**** RECORDS SHOWN
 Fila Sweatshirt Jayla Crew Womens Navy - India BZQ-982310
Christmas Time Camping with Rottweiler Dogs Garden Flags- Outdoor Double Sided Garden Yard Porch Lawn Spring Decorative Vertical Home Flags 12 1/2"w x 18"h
********
**** RECORDS SHOWN
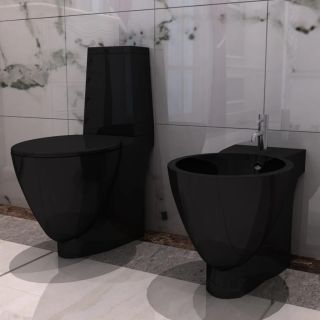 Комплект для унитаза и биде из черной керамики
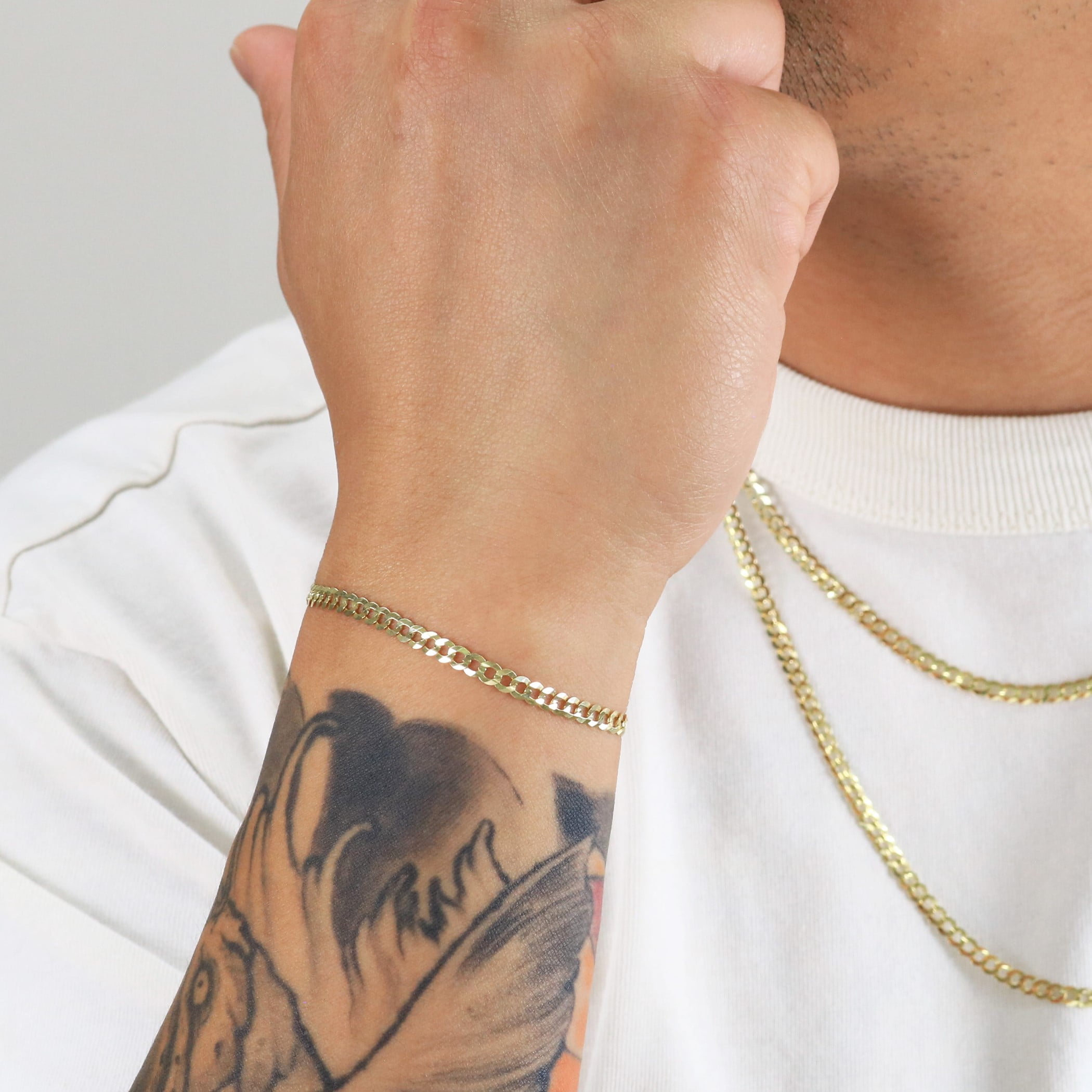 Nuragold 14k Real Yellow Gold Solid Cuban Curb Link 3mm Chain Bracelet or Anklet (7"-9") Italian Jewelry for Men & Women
********
▸ THE PROBLEM
Your reply should hold nothing but the lines above, from the one containing "Комплект для унитаза" to the one containing "Nuragold 14k Real", reproduced exactly minus the pictures.

▸ EXERCISE ANSWER
 Комплект для унитаза и биде из черной керамики
 Nuragold 14k Real Yellow Gold Solid Cuban Curb Link 3mm Chain Bracelet or Anklet (7"-9") Italian Jewelry for Men & Women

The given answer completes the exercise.